Miremos de nuevo el ejemplo de Cristo. Jesús obedece, y obedece a José y a María.
Dios ha venido a la tierra para obedecer, y para obedecer a las criaturas. Son dos criaturas perfectísimas: Santa María, nuestra Madre, más que Ella sólo Dios; y aquel varón castísimo, José. Pero criaturas.

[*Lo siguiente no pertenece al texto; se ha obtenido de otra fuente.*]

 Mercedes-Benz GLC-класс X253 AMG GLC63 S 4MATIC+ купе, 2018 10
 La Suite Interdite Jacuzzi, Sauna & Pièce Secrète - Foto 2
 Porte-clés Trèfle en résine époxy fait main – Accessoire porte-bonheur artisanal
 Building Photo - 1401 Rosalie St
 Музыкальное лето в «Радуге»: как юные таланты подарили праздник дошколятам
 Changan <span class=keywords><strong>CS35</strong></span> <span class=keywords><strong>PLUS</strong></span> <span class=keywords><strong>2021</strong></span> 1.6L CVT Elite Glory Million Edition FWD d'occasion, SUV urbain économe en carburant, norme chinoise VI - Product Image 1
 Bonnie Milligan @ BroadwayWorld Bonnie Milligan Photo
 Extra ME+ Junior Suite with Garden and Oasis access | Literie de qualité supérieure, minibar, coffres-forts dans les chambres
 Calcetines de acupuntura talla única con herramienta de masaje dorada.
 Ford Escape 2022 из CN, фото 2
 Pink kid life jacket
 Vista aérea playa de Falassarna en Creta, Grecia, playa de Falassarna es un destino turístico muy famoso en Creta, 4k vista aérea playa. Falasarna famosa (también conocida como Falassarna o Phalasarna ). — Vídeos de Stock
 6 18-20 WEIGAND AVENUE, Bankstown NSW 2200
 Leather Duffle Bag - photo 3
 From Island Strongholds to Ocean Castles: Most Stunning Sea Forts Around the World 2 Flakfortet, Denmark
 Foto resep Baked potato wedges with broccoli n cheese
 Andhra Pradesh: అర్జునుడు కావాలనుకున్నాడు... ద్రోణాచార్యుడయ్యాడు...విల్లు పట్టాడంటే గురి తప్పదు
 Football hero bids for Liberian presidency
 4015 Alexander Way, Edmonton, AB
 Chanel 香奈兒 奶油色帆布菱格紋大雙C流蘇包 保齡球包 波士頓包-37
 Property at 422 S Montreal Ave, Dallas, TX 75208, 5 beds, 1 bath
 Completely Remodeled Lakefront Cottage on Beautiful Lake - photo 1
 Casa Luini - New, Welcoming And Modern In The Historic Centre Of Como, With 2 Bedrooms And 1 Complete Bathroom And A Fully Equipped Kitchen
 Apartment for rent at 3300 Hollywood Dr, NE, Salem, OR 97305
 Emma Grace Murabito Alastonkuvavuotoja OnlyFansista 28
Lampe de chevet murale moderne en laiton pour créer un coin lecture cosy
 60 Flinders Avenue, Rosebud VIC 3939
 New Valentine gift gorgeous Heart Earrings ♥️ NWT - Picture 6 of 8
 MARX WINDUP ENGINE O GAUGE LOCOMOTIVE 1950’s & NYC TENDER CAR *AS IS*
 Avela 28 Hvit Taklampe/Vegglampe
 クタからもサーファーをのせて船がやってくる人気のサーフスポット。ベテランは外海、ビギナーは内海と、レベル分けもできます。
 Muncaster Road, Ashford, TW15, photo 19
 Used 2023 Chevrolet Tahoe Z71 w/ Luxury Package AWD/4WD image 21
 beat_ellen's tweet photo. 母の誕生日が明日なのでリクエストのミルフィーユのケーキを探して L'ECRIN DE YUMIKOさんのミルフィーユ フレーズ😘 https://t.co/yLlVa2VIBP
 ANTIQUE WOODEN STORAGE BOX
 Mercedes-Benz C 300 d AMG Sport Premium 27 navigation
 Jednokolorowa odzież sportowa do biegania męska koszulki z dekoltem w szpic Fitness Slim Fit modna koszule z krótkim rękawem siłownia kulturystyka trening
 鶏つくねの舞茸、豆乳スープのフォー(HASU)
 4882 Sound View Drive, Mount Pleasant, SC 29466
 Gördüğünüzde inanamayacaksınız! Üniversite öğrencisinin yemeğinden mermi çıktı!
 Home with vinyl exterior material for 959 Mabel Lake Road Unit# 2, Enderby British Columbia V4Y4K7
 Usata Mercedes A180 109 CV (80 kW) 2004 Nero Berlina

Y Jesús, que es Dios, les obedecía.
Hemos de amar a Dios, para así amar su voluntad y tener deseos de responder a las llamadas que nos dirige a través de las obligaciones de nuestra vida corriente:
- en los deberes de estado,
- en la profesión,
- en el trabajo,
- en la familia,
- en el trato social,
- en el propio sufrimiento y en el de los demás hombres,
- en la amistad,
- en el afán de realizar lo que es bueno y justo.
(Es Cristo que pasa, 17)
Por SAN JOSEMARÍA.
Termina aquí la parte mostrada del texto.